_PROBLEM STATEMENT_
Transcribe the listing exactly; drop the images.

##### DATA EXTRACTS

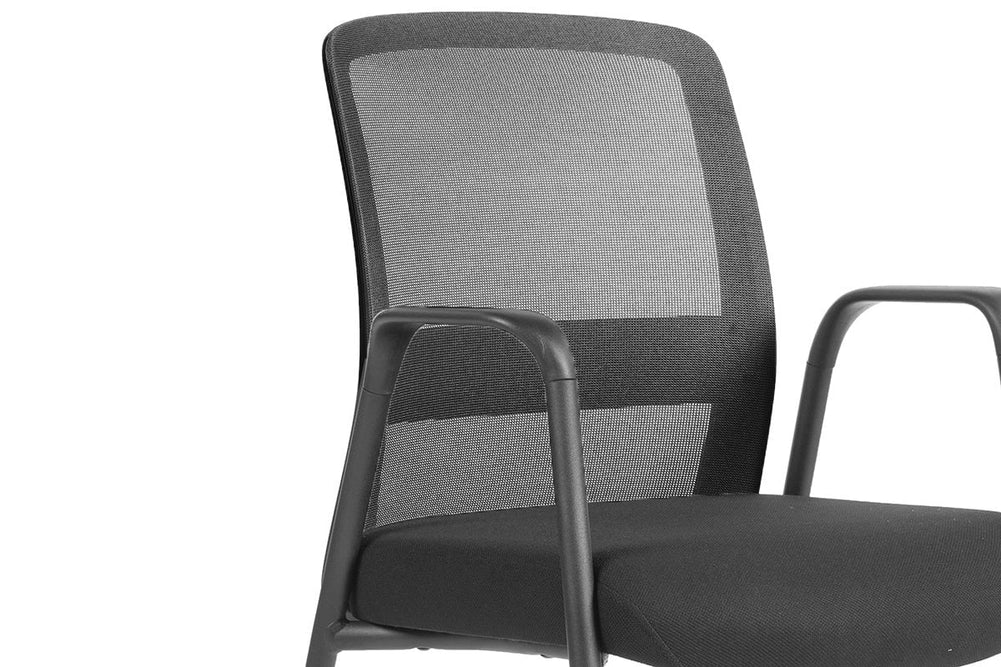 Robin Visitor 4 Leg Mesh Chair-Black  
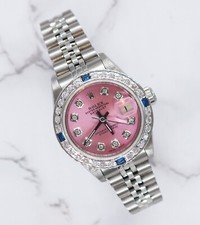 Rolex Datejust Ladies in Stainless Steel Pink Diamond Dial & Bezel, Box & Papers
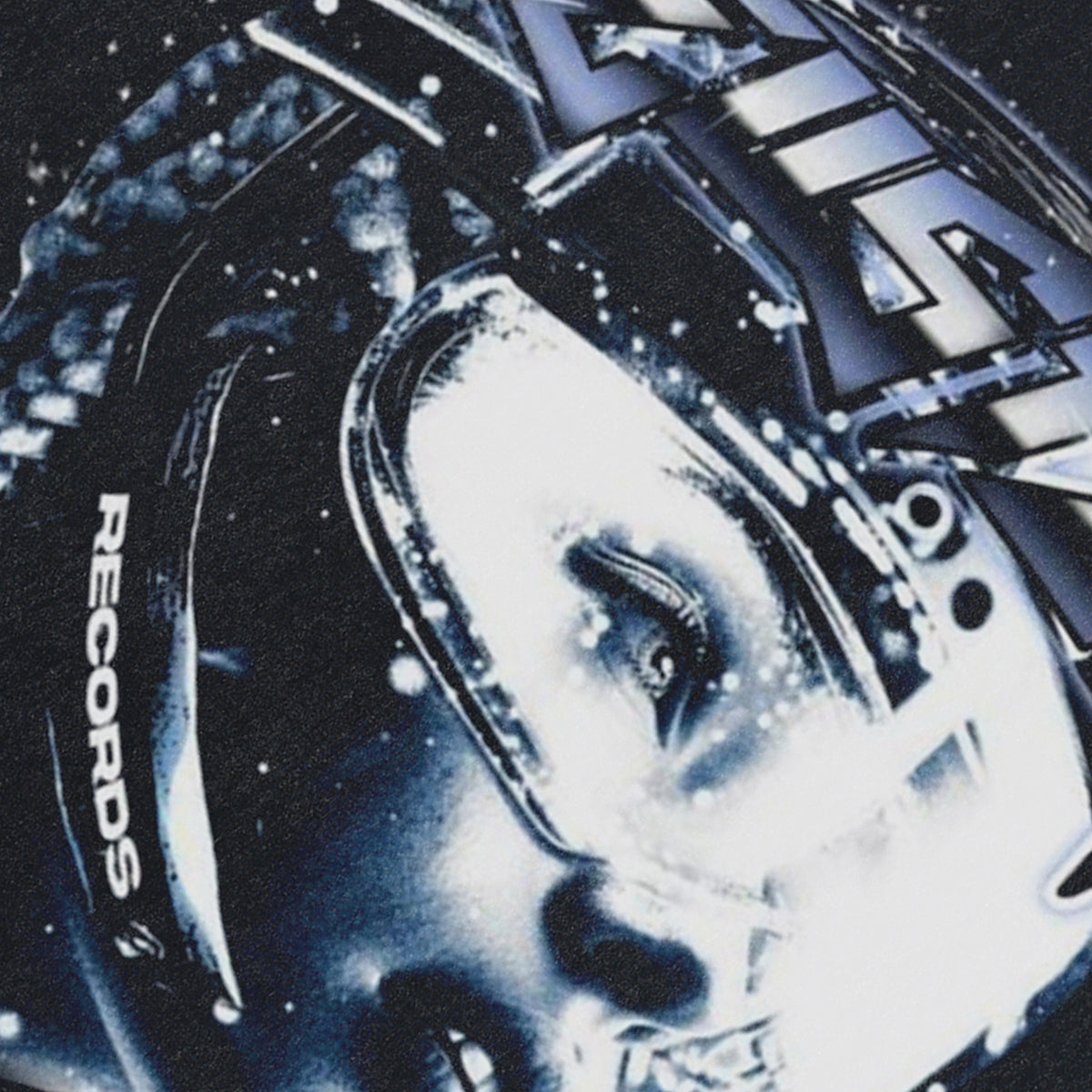 Cyberpunk sleeveless t-shirt vintage slogan vest hellstar tank top in acid wash black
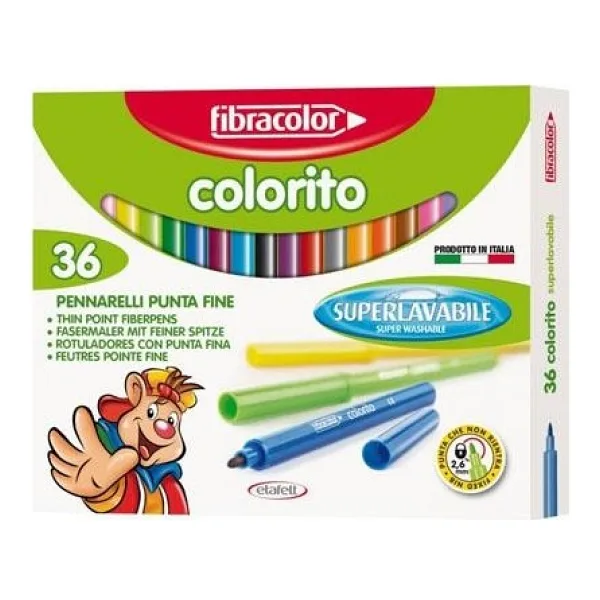 Fibracolor Colorito 36'lı Keçeli Kalem Seti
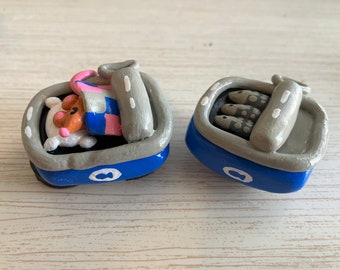 Mouse and Sardines | Handmade Polymer Clay Magnets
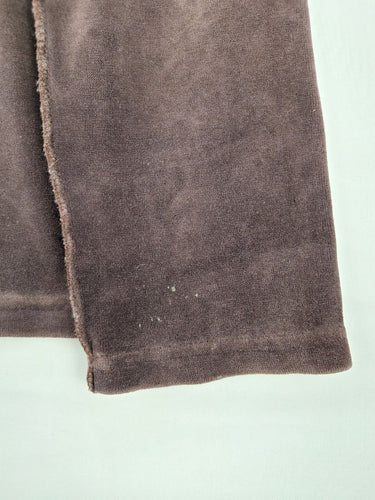 Second-Hand - Sonia Rykiel Chocolate Velour Raw Seam Top Size S - SwapUp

##########

_ANSWER TO THIS PROBLEM_
 Robin Visitor 4 Leg Mesh Chair-Black  
 Rolex Datejust Ladies in Stainless Steel Pink Diamond Dial & Bezel, Box & Papers
 Cyberpunk sleeveless t-shirt vintage slogan vest hellstar tank top in acid wash black
 Fibracolor Colorito 36'lı Keçeli Kalem Seti
 Mouse and Sardines | Handmade Polymer Clay Magnets
 Second-Hand - Sonia Rykiel Chocolate Velour Raw Seam Top Size S - SwapUp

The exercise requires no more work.